In this Monday, March 23, 2020 file photo, a playground outside the Prince Hall Village Apartments sits empty near one of the petrochemical facilities in Port Arthur, Texas. According to a study published Wednesday, April 28, 2021 in the journal Science Advances,  across America, people of color are disproportionately exposed to air pollution from industry, vehicles, construction and many other sources. (AP Photo/David J. Phillip)

Non-white Americans breathe worse air than white ones, a new scientific study has found.

Ethnic minority communities in the US, including Black, Hispanic and Asian, suffer higher exposure from nearly all sources of air pollution including roads, building sites, factories and even restaurants, according to the journal Science Advances

As a result, they suffer an increased rate of environmentally caused deaths to their caucasian counterparts.

Exposure to fine particulate matter air pollution in neighbourhoods, homes and places of work, known as PM 2.5, is responsible for 85,000 to 200,000 deaths a year in the states.

The study said: “Results indicate that emission sources that disproportionately expose [People Of Color] are pervasive throughout society. This phenomenon is systemic, holding for nearly all major sectors, as well as across states and urban and rural areas, income levels, and exposure levels.”

It added that whilst “industry, light-duty gasoline vehicles, construction, and heavy-duty diesel vehicles are often among the largest sources of disparity... because of a legacy of racist housing policy and other factors, racial-ethnic exposure disparities have persisted even as overall exposure has decreased.”

Study leader Christopher W. Tessum, an assistant professor in environmental engineering and science at the University of Illinois at Urbana-Champaign, toldThe New York Times that  they analysed data from more than 5,000 emissions sources taken as part of a 2014 country-wide survey, before breaking it down by racial and economic background. 

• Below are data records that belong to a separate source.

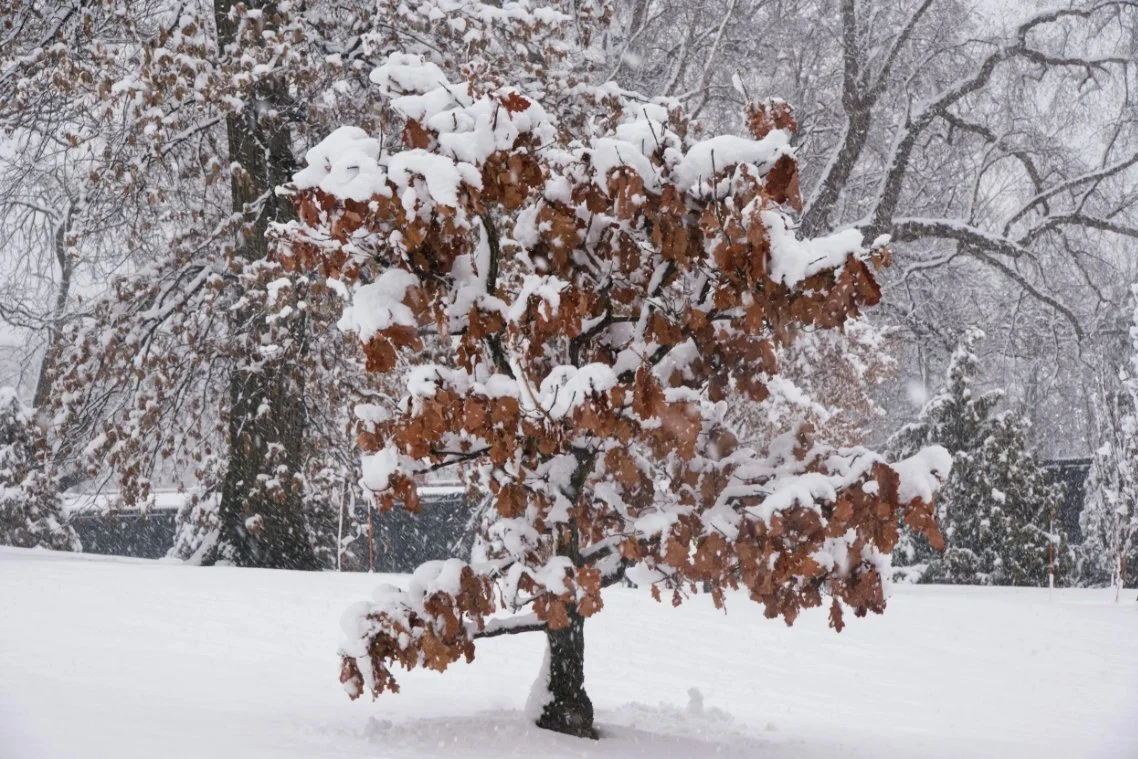 Marcescence: The Winter Leaves That Refuse to Fall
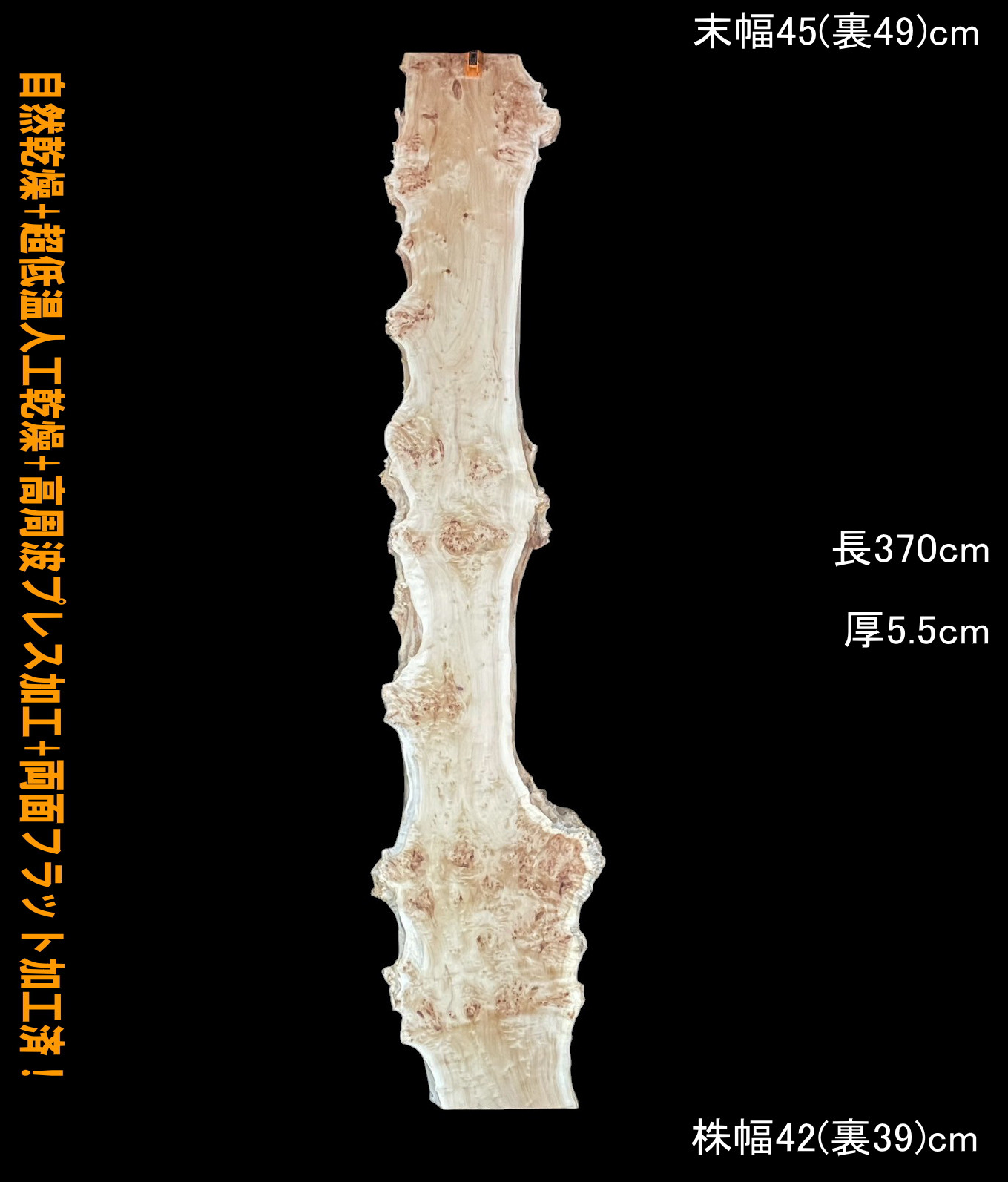 ポプラ　C173-1　一枚板　長尺　乾燥材　棚板　カウンター　テーブル　レジン　天板◆営業所止送料無料◆
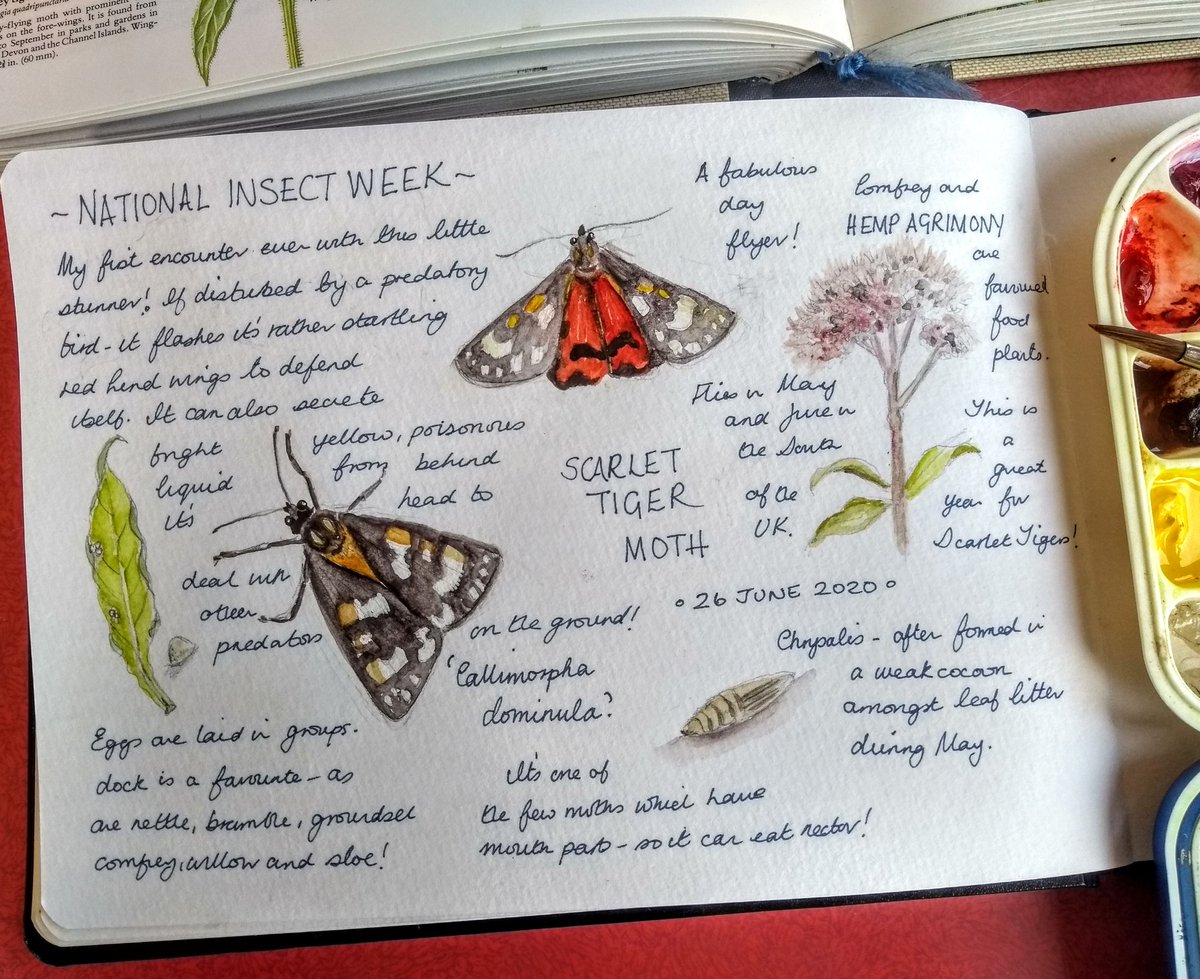 I just made #nationalinsectweek!   Had to very quickly journal this gorgeous scarlet tiger moth I found in my garden. I've never seen one before! They love comfrey, (which we don't have) but, also enjoy  the wondrously named hemp agrimony,  so I got an excuse to draw more!  💚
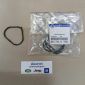 Прокладка впускного коллектора Jeep Compass MP/Jeep Cherokee KL/Jeep Renegad BU V2.4 Multiair 4627326AD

“We expected to find that just a couple of different sources were important for the disparate exposure among racial ethnic groups,” he told the newspaper. “But what we found instead was that almost all of the source types that we looked at contributed to this disparity.”

Professor Robert D Bullard, an expert in environmental racism at Texas Southern University, who was not involved in the study, said: “If you go to communities of color across this country and ask them, ‘What’s the source of the environmental problems?’ they can point you to every one: the highway, the chemical plants, the refineries, the legacy pollution left over from decades ago, in the houses, in the air, in the water, in the playgrounds.”

He added: “Empirical research is now catching up with the reality: that America is segregated and so is pollution.”

One source that surprised the researchers was restaurants and commercial kitchens, which tend to be in areas more populated by people of colour, which were found to comprise a surprisingly large amount of air pollution due to the use of cooking oils.